How to Stay Happily Married
How to Stay Happily Married
I have been a divorce attorney for about 10 years and married for close to 13. My husband and I have three beautiful children and are expecting #4 this summer. As you can imagine, I am a bit obsessed with staying happily married.
Many of my clients want to stay happily married too. They do not want to divorce. They do not want their life to change dramatically and have their children be raised in two households. Sometimes, divorce is unavoidable, but here are some of the statistics that may impact happy marriages:
1. Attitudes. A democratic attitude, where both seek to cooperate and compromise is most functional.
In fact, I have read that contempt between spouses will almost certainly lead to a break-up. If you find yourself disrespecting your spouse or being disrespected, take action. By stopping negative patterns you may be able to save your marriage.
2. In-laws. Especially if couples live close to parents, getting along with in-laws is important.
If your in laws are a problem, move far, far away. Never let anything interfere with your family, not work, not friends, not extended family. The best gift you can give yourself and your children is a healthy marriage.
3. Common Interests.

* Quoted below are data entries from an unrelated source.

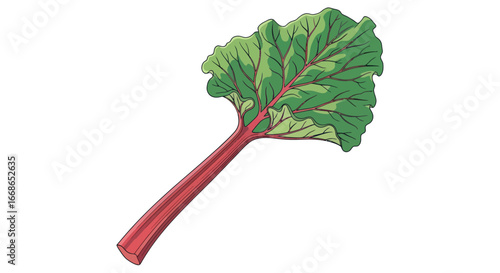 Detailed illustration of a fresh rhubarb leaf and stalk perfect for culinary projects.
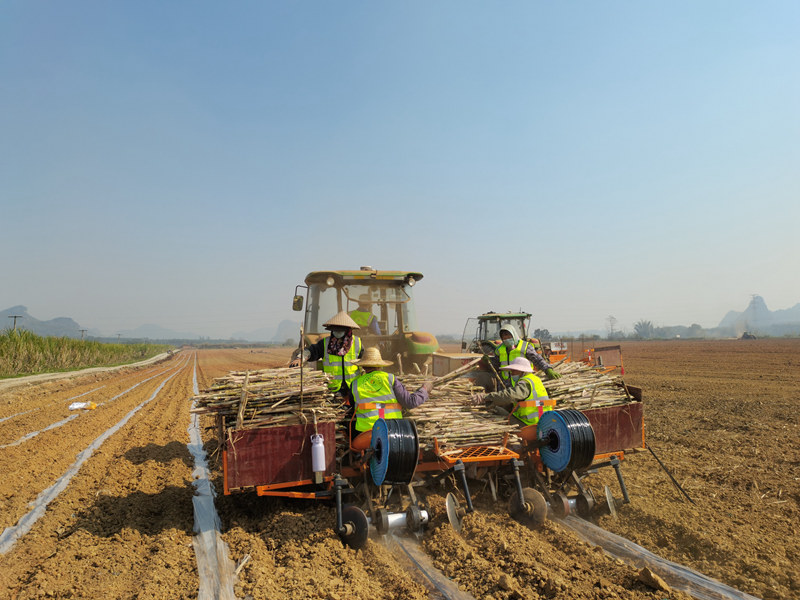 甘服公司耕種管服務(wù)隊在基地進行糖料蔗機械化播種。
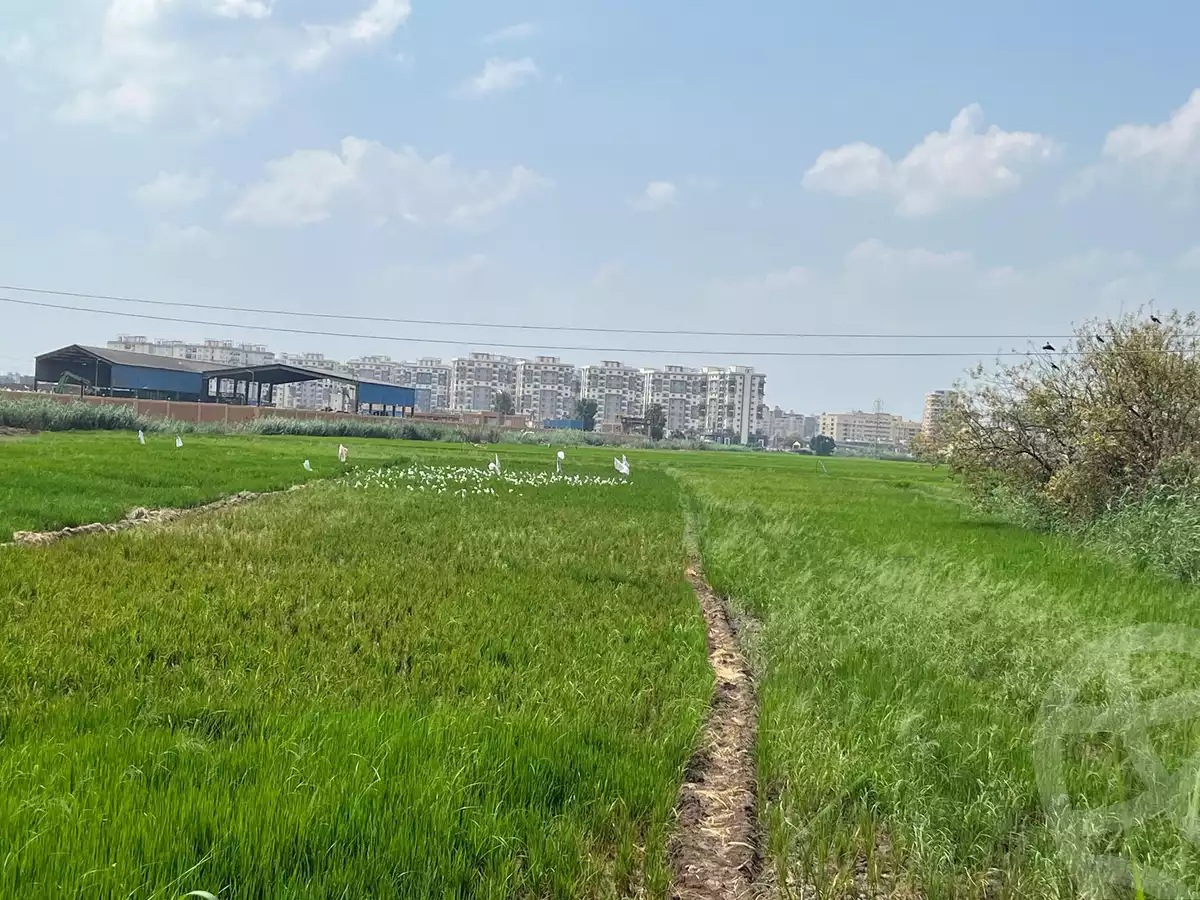 https://aqarmap.com.eg/en/listing/4974534-for-sale-dakahlia-mansoura-shw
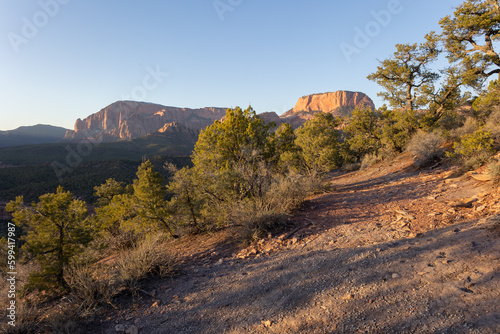 Burnt Mountain and Kolob fingers in Southern Utah are seen in warm sunset light from the rim of nearby Smith Mesa. Gnarled juniper trees and open ground frame the scene.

Couples with shared interests are more likely to participate in activities together and develop greater understanding and empathy for each other.
If you don’t have common hobbies, start something new together. Plan for the future and have common goals. It is worth trying something new to share common interests with your spouse.
4. Do Opposites Attract? In general, the more similar a couple’s background in terms of education, religion, nationality, and social status, the better.
This seems to relate to common interests and beliefs. It is difficult to share a life with someone who doesn’t share your values. Make sure you and your spouse share values on items like education, religion, consumerism, and spending money in general.
5. Children. Children strengthen an already strong marriage, but may only “hold together” a poor one.
Well here are your common interests! I don’t think this is what #3 had in mind. I have counseled many couples who have waited until their children are grown before divorcing. Many have simply been biding their time. When their adult children hear the news, they are often relieved and supportive.
6. Communication. Happily married couples tend to: (a) talk to each other more often, (b) are more sensitive to each other’s feelings, and (c) use non-verbal communication more effectively.
Check in. It’s too easy to check out of your spouse’s needs. Focus on listening and making sure the other person feels heard. This may be the greatest sign of respect and honor you can give your spouse.
7. Roles. Similar expectations of work roles, housework roles, and spouse roles is one of the most important factors in marriage. If both spouses are traditional, that works wonderfully – as it does if both are more contemporary. The greatest conflicts occur when wives are more contemporary than husbands in what they consider the “right” roles for husbands and wives.
Division of duties is one of the greatest benefits to being married. You don’t have to do it all. But, when one spouse feels like they are doing it all by themselves, be it parenting or taking financial responsibility for the family, this can be a recipe for disaster.
8. Personality. Obviously, the personality of the individuals involved is one of the most crucial factors. Traits such as emotional stability, self-control, affection, responsibility, favorable self-perception, and optimism are correlated with good marriage adjustment.
This seems to be more about emotional health and maturity than just personality. Of course spouses need to be compatible, but they also need to be emotionally mature and healthy, able to forgive themselves and their spouse, and exhibit self control in order to make marriage work.
9. Religious Participation. Religiosity and marital success are related, regardless of denomination, as has been demonstrated consistently in studies over many years.
Woo-hoo, with all of the options out there, this seems to be an easy one. There are all sorts of religions and congregations. This factor also supports the best outcomes for parenting.
While there are plenty of opinions about what makes a healthy happy marriage, looking at the statistics does seem to shed some light on some factors that seem to up the odds of staying happily married.